First Female Captain in Gulf Air,
MSc Air Transport Management,
"My name is Vanessa Umba. I am from Belgium and Congo (DRC).
I am a Captain on A320 since 2011.
My career in aviation started more than 10 years ago with the SABENA Flight Academy.
In 2003, Brussels Airlines hired me as a First Officer on AVRO RJ85/100.
3 years later, I joined Gulf Air as First Officer on A330/340.
I became a Captain on A320 in 2011. The first female Captain in the history of Gulf Air.
Flying is a challenge for any professional pilot. It requires a lot of commitment, time and passion. Today a women pilot is still an exception. Estimates from the International Society of Women Airline Pilots say there are about 4,000 women pilots worldwide, of about 130,000, that’s just over 3%. And being part of a minority implies to always prove yourself a bit more than the others.
Nevertheless I never found any difficulties to adapt to this environment where the stereotype of male-only pilot persists. I know some people get surprised the first time they see me in command. Then when they realise I operate exactly as any other pilot, they relax.
My proudest achievement in life is not to be a Captain but to be a "Flying-mother".
I am a mother of 3 amazing children.
Dealing with a demanding career and a family is not easy every day. It requires an extensive organisation. Nothing would have been possible without the unconditional support of my husband, who has himself a full time career in the Wood industry.
Flying is truly magical. Landing a plane is a fantastic experience. The scenery of our planet from the flight desk is incomparable: clouds, mountains, lakes, shooting stars, cities, ...
Additionally each flight brings different problems to sort out. Issues might be linked to a defect of the aircraft, some marginal weather, a sick passenger, the airport facilities reduced, etc. The pleasure of getting back home, knowing all issues that arose have been sorted out in a safely manner, is immense.
It makes each and every flight different, killing any sort of routine.
Nevertheless it stays a job; a demanding daily employment that NOT everyone can enjoy.
Therefore when asked if I want my kids to become pilot, I answer that they should just follow THEIR passion.
Our society creates pre-determined choices for each individual. A child should be a doctor like his/her father. A wife is expected to take care of the house. A husband to support his family financially.
It probably fits the majority of the people. But some, like me, will do all at once. Some might do everything opposite to the "normal" path. Fair enough. As long as you follow YOUR truth, it will lead you to accomplish YOUR dream.

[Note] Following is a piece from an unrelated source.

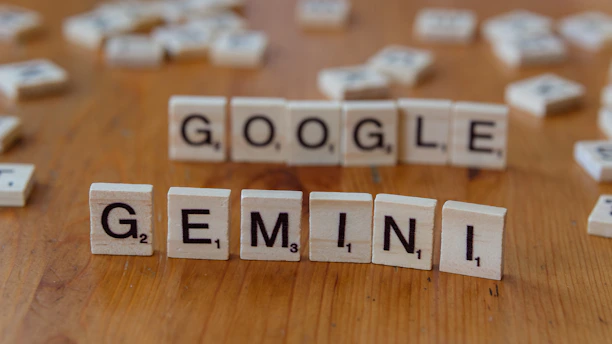 A wooden table topped with scrabble tiles spelling google, genni, and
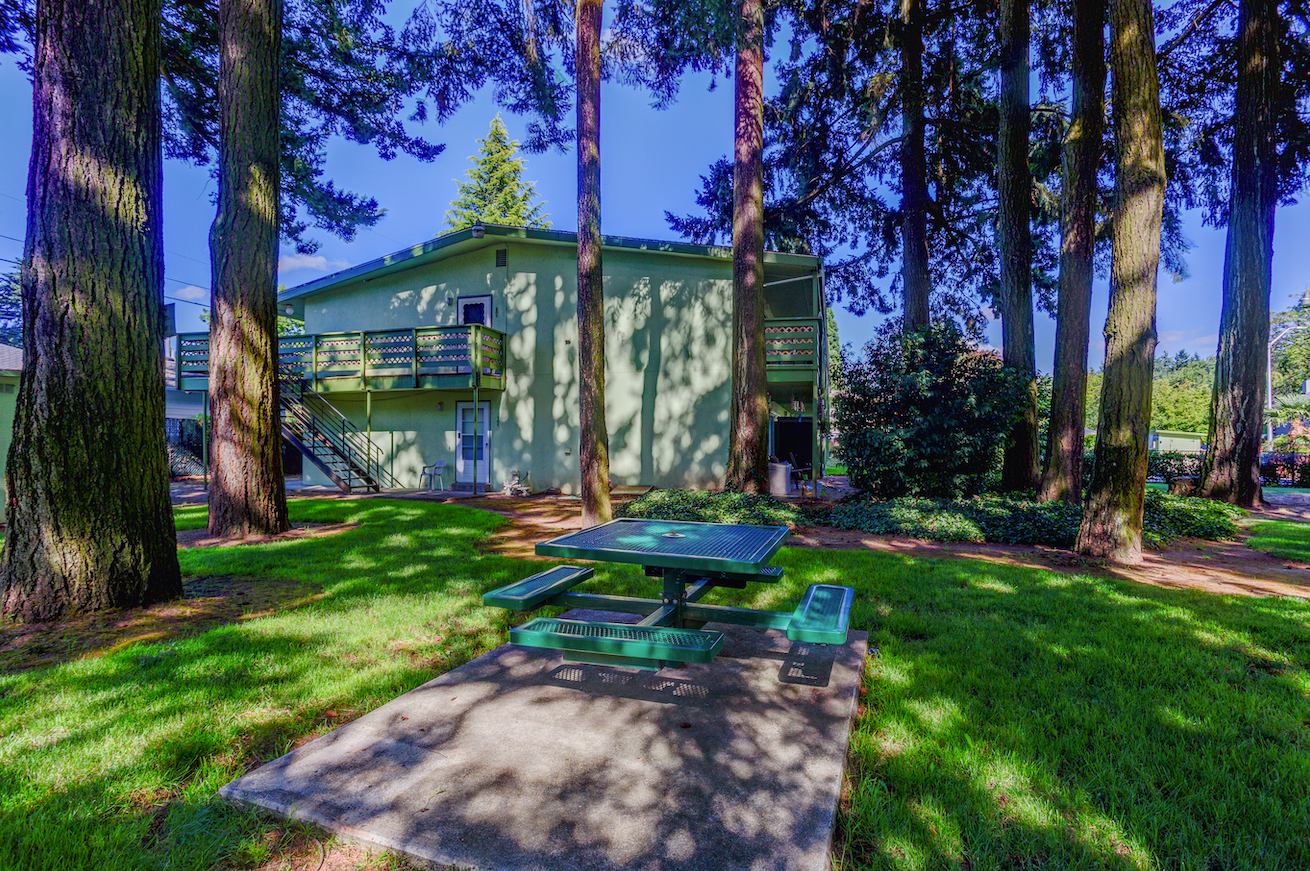 There is a picnic table in the middle of the woods in front of a house.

By joining the Ninety-Nines in 2011, I met a lot of special women, incredible individual, each of them being unique. What we have in common is that we follow our truth, being who we want to be, which is not necessarily what the society expect from us, especially in this part of the world.
The aviation world in the Middle East becomes open to female pilots.
When I joined Arabian section of the Ninety-Nines in 2011 we were only 16 members. Today, we are more than 90 members. We are a real family, encouraging and supporting each other. I am looking forward to meeting other aviatrices through our special family."